Energy Fuels expects to hit 2026 uranium guidance by midyear

Energy Fuels’ White Mesa mill in Utah. Credit: Energy Fuels

Energy Fuels (NYSE: UUUU) (TSX: EFR) is expected to meet its 2026 uranium production guidance at just the halfway point of the year, coinciding with the completion of ore processing at its White Mesa Mill in Utah.

In an operational update on Thursday, the Colorado-based company forecasted its uranium oxide (U3O8) production to reach 1.6 million lb. by the end of June. This figure would fall within its previously published full-year guidance range of 1.5-2.5 million lb.

“Our uranium segment continues to differentiate Energy Fuels as the clear leading US uranium producer through our strong operating performance, production and costs,” Ross Bhappu, president and CEO of Energy Fuels, stated in a press release.

Shares of Energy Fuels rose 4.5% on the update, sending the company’s market capitalization in New York to $3.6 billion. Year to date, the stock is down about 13%, trading at about half of its record high set in January.

Improving grades, costs

On average, Energy Fuels said it expects to produce more than 265,000 lb. a month of finished uranium from White Mesa — currently the only fully licensed and operating conventional uranium mill in the US. The ores would be provided from the company’s two mines in the country: the Pinyon Plain in Arizona and the La Sal Complex in Utah.

The company noted that the current uranium ore processing campaign at White Mesa is on track to be completed by the end of June to rebuild ore stockpiles. Processing at the mill would then resume in the fourth quarter, subject to continued strong ore production at conventional mines and other conditions, it added.

On the mining operations, Energy Fuels said it expects the ore grades and contained uranium to improve during the second half of the year. In the first six months, it expects to produce between 750,000-850,000 lb. of contained U3O8 in ore.

The processing cost of the ore at White Mesa is expected to fall between $9-$12/lb., near historic lows, the company also said, adding that its cost of sales is expected to continue to drop in 2026.

Rare earth upgrades

In addition to uranium, the mill also produces rare earth elements (REE) through processing natural monazite sand sourced globally. Commercial separation of the critical minerals began two years ago, beginning with neodymium-praseodymium (NdPr). Since then, it has added capabilities to produce the so-called “heavy” rare earths such as samarium, europium, gadolinium, terbium and dysprosium.

In the update, Energy Fuels said it plans to begin further modifications to the existing Phase 1 REE circuits at the White Mesa starting in July. The upgrade would allow the company to commercially produce the heavy rare earths in addition to the commercial quantities of NdPr.

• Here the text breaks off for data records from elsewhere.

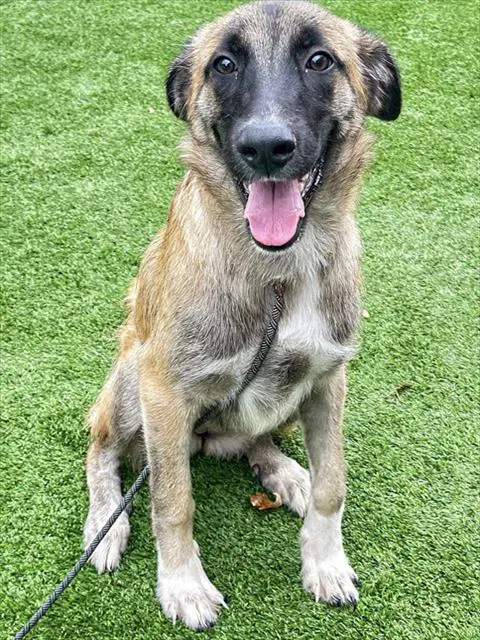 Unknown - German Shepherd Dog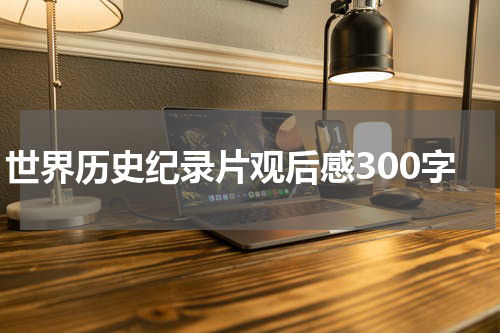 世界历史纪录片观后感300字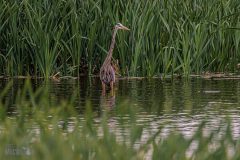 Lake-Erie-Metropark-birds-4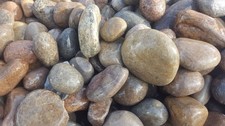 Scottish Cobbles 60-100mm Premium Natural Stone 20kg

The modifications would also include a circuit to process certain uranium-bearing mixed REE carbonates (MREC) sourced from mines globally, including MRECs from ionic adsorption clays. Because MRECs can be fed directly into solvent extraction separation, the new circuit is expected to enable the mill to process both uranium and separated REEs simultaneously, Energy Fuels said.

These modifications are expected to be operational in late 2027 to early 2028, with a Phase 2 expansion also being planned to increase total White Mesa Mill REE capacity to nearly 6,300 tonnes per annum, it added, while noting that permitting for both are proceeding on schedule.